GOAL OF THE EXERCISE
The answer must be exactly the lines from the one containing "904 Mccune Rd, Middle" through the end of the material, with both ends kept and no other lines.

Start of Block

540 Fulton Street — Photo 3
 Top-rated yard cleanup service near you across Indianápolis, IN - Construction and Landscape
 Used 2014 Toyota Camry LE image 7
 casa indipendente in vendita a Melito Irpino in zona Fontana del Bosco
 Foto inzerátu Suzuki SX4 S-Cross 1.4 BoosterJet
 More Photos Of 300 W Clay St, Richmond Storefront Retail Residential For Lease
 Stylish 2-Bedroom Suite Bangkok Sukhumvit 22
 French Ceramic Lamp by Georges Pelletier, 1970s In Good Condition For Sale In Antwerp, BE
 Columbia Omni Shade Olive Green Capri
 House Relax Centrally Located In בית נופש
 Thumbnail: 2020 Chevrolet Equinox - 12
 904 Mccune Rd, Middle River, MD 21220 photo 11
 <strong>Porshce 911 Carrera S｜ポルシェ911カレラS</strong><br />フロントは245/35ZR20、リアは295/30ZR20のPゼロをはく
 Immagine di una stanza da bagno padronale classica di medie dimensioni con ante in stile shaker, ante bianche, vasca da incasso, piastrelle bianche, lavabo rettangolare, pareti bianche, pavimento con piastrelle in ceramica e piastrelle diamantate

End of Block

EXERCISE SOLUTION
 904 Mccune Rd, Middle River, MD 21220 photo 11
 <strong>Porshce 911 Carrera S｜ポルシェ911カレラS</strong><br />フロントは245/35ZR20、リアは295/30ZR20のPゼロをはく
 Immagine di una stanza da bagno padronale classica di medie dimensioni con ante in stile shaker, ante bianche, vasca da incasso, piastrelle bianche, lavabo rettangolare, pareti bianche, pavimento con piastrelle in ceramica e piastrelle diamantate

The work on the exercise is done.